OMG! I have to chime in here, too. Also a huge Guy Michelmore fan. I'm a n00b as regards theory, and I bought his theory courses just as a way to say "thanks" for one very specific thing he clarified. After years of wondering why are Perfect 4ths, and Perfect 5ths named that way(told you I was a n00b!) - one of his YouTube videos clarified it for me. I was ecstatic!  I remain grateful, and generally giddy to see new videos as well - like many of you have already mentioned.

Guy - props for your excellent work! If you ever have a day when you doubt your contribution, please come back and re-read this thread!


----------



## Jay Panikkar

Totally off-topic post.

@Markrs @el-bo Jason Allen's course covers a lot of topics, but I thought it was not put together very well. It feels like he's not using a proper script, notably in the initial lessons where he skims through many basic concepts. He uses MuseScore to teach notation, which is a great piece of software for the purpose, but he stumbles though it for some reason.

If you're new to music theory, I would suggest getting a hold of Trinity College or ABRSM music theory workbooks and going through them from Grade 1 through 8 at your own pace. Use past exam papers to test yourself. That's how I started learning music theory; started from zero like 3 years ago, and eventually cleared the exams. You can probably use Jason Allen's course to fill in the gaps as you're learning.


----------



## Markrs

Jay Panikkar said:


> Totally off-topic post.
> 
> @Markrs @el-bo Jason Allen's course covers a lot of topics, but I thought it was not put together very well. It feels like he's not using a proper script, notably in the initial lessons where he skims through many basic concepts. He uses MuseScore to teach notation, which is a great piece of software for the purpose, but he stumbles though it for some reason.
> 
> If you're new to music theory, I would suggest getting a hold of Trinity College or ABRSM music theory workbooks and going through them from Grade 1 through 8 at your own pace. Use past exam papers to test yourself. That's how I started learning music theory; started from zero like 3 years ago, and eventually cleared the exams. You can probably use Jason Allen's course to fill in the gaps as you're learning.

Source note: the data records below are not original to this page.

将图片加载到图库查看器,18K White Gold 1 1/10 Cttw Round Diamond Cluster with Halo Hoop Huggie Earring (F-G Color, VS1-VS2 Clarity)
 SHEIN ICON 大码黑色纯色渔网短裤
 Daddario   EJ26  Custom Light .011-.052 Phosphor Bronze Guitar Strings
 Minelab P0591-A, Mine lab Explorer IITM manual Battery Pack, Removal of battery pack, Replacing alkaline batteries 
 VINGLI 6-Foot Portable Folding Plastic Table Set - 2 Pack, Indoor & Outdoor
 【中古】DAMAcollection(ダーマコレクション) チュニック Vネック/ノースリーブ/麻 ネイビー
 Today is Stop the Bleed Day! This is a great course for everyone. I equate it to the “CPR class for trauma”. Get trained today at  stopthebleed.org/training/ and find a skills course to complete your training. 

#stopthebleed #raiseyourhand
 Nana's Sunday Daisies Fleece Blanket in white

Great advice,i will look into those recommendations, thank you!


----------



## dylanmixer

This guy actually causes me to have fun when I am composing. I feel like I'm able to sit down and relax and not take it so seriously. What a treasure.


----------



## jmauz

LOVE Guy!! Once we get our pool installed I plan to jump into it with a MIDI controller in homage to him.


----------



## el-bo

MikeK said:


> Yes, I did finish it. For me, I was trucking along well with the first half because I knew some of the info, and was overwhelmed in the second half.
> 
> There’s a lot of great information, but for me, it would have been better in a setting where I was putting that knowledge to use right away.
> 
> But it’s important to note that I’m doing all this for personal enrichment. I’m not in a formal study where there’s structure and reinforcement of new information. So while it was overwhelming, I didn’t feel bad about it, nor did I feel I wasted my time. I know that certain things will stick only in practice or when you really need to know it.
> 
> I guess my feeling on the course (and any theory course like it) is that, to get the most out of it, you should be doing something else in conjunction with it that forces you to use what you’re learning.
> 
> For example, if you’re new like I am, you grab a short video on a site like Pixaby and decide to create a short score based on that video, incorporating what you’re learning in the theory course. As you learn more theory, you tweak your video score. I don’t know... just something where you’re putting some of what you learn to immediate use. Otherwise, it just feels like an avalanche of facts that you’d have no hope of remembering in isolation.



Thanks for your reply!

Like you, i will be studying at my own pace, and without any real structure and reinforcement

I agree with the idea of using it in conjunction with other material. Ideally, I'd watch through a section just to get a general idea, and then re-watch to dissect and supplement with info from other sources and experimenting with real-world examples. That's the plan, anyway.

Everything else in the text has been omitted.